2.4.1 Permanent Generation contains two parts, one part is the method area (Method Area), the other part is the string constants (interned strings, interned strings, fixed strings -- string constants).
2.4.1.1 Method Area: The method area is created on virtual machine start-up, which stores information about each class, such as,
① Classloader Reference (Classloader Reference)
②Runtime constant pool (string constants, numeric constants, class references, member variable references, instance method references, etc.)
③ Member variable data (member variable name, type, modifier, attribute table): including instance variables and class variables (static, static variables)
④Member method data (method name, return value type, parameter type (in order), modifier, attribute table)
⑤ Method code: After being compiled into bytecode instructions by the compiler, it is stored in an attribute named Code in the method attribute table set (attributes). Code contains (bytecode, operand stack size, local variable size, Local variable table, exception table [start point, end point, program counter (PC) offset of exception handling code, constant pool index corresponding to the caught exception class]).
All threads share the same method area, so the process of accessing method area data and dynamic linking must be thread-safe.
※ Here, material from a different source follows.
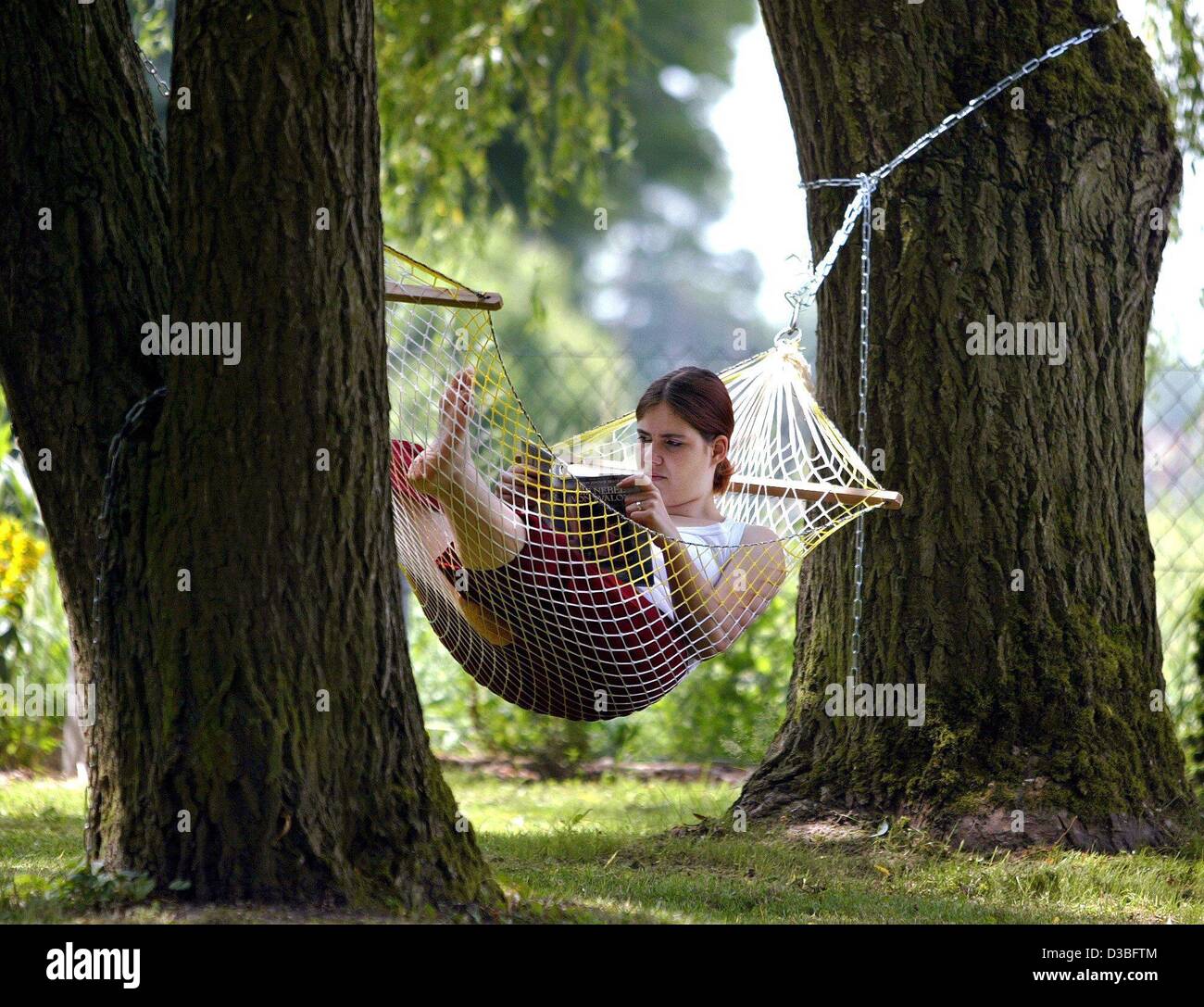 (dpa) - A young woman is reading a book while lying in a hammock ...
If two threads try to access a field or method of a class that has not yet been loaded, it must be loaded only once, and both threads must wait for it to be loaded before continuing.
2.4.1.2 Resident string (string constant): In HotSpot of JDK1.7, the string constant part has been removed from the method area.
2.4.2 The Code Cache is used to compile and store methods that are compiled into native machine code by the JIT compiler. Java bytecode is interpreted, but it is not as fast as executing machine code on the JVM's host CPU. To improve performance, Hotspot VM will find frequently executed hot codes and compile them into native code, which is stored off-heap in the code buffer in memory.
2.5 Heap Memory
The heap is used to allocate class instances, arrays at runtime. Data and objects cannot be allocated on the Java virtual machine stack, because stack frames are designed to not be resized after they are created, and stack frames only store references to objects or arrays in the heap.
Objects are always allocated on the heap and can only be reclaimed by the garbage collector. The heap is the key area managed by the garbage collector.
In order to support the garbage collection mechanism, the heap is divided into the following three areas: Young Generation (often divided into Eden and Survivor [From Survivor space and To Survivor space]), Old Generation, Permanent Generation Generation).